**SUPPLIED INFORMATION:**
* * * * *
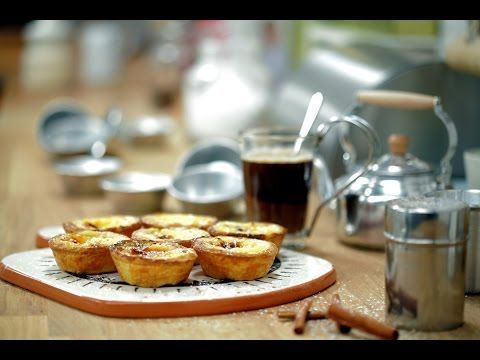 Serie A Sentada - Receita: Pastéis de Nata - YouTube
* * * * *
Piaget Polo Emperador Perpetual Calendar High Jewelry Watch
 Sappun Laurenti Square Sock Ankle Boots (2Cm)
* * * * *
**WORK TASK:** In the listing above, start at the line with "Piaget Polo Emperador", go on through the line with "Sappun Laurenti Square", and copy each of those lines exactly; leave out all the rest.

**WRITTEN RESPONSE:**
Piaget Polo Emperador Perpetual Calendar High Jewelry Watch
 Sappun Laurenti Square Sock Ankle Boots (2Cm)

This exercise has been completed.